Oυδεὶς άμουσος εἰσίτω

Monday, July 29, 2013

Brief Blog Reviews VII: Slate Star Codex


So the actual Brief Blog Review this month, written in some haste but not, I emphasize, in desperation, is of Slate Star Codex.

This blog has been published for considerably less than my usual requirement for these Reviews, so this is out-on-a-limb for the series, but author Scott Alexander has been writing (under a different name) for much longer over at the notable group blog Less Wrong, and besides, as my recent not-review demonstrated, sometimes having a long track record is no guarantee you won’t suddenly go offline. Of course, I could just review Less Wrong, but this one is More Interesting. Crowdsourcing tends to flatten certain things.
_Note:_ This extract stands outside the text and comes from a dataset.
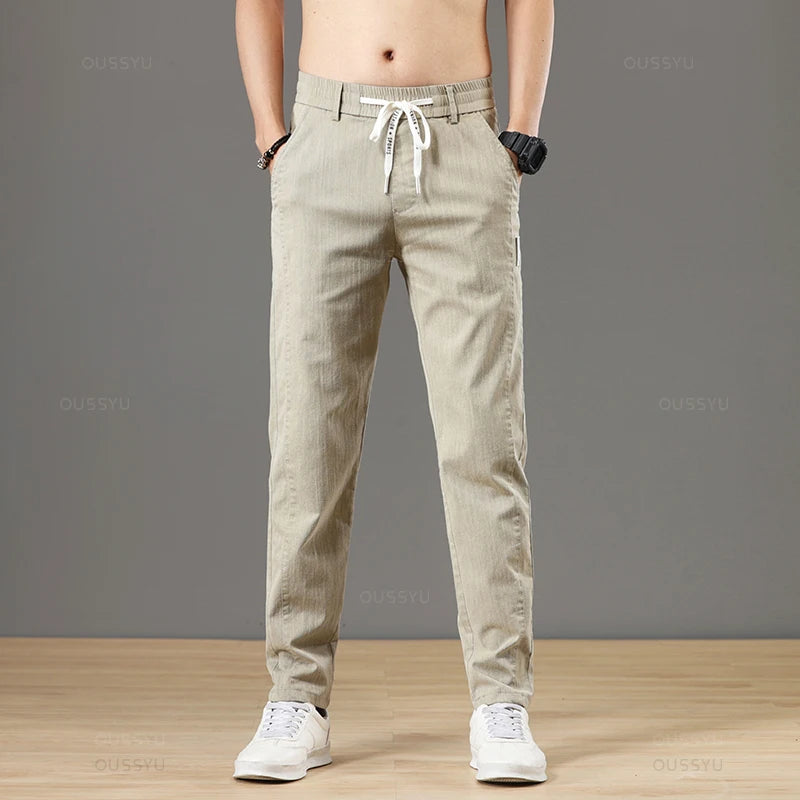 Men’s Classic Cotton Autumn Pants – Elastic Drawstring Waist Jogging Trousers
Slate Star Codex does plenty to urge the Less Wrong line: check your biases, notice seventy times seven times what arguments you think just couldn’t be right, doubt and keep on doubting, and so on. His recent post on Scientismism, reclaiming it as a badge of honor (which may be something of a trend; Ladyman and Ross did the same thing a couple of years back, and I’m guessing there are others) flies his colors high and reasonable. To be sure, I’m probably way less Scientismist than he is, but these Reviews are not about Whether We Agree. In fact, I was won over to his blog when reading this admirable review of Reactionary Poltics, which wins my vote for the best act of avowed online ventriloquism I’ve ever encountered. For paragraph after paragraph, he details in elegant and judicious and resolutely fair style a political perspective he finds pretty much abhorrent, and winds up persuading you of its relevance and almost of its deserving a place at the table, if not its truth. If more people could do this for their ideological foes, the world would be a less scary place. Only after this act of sympathetic presentation, which every debater should study in detail, did he proceed to his own refutations.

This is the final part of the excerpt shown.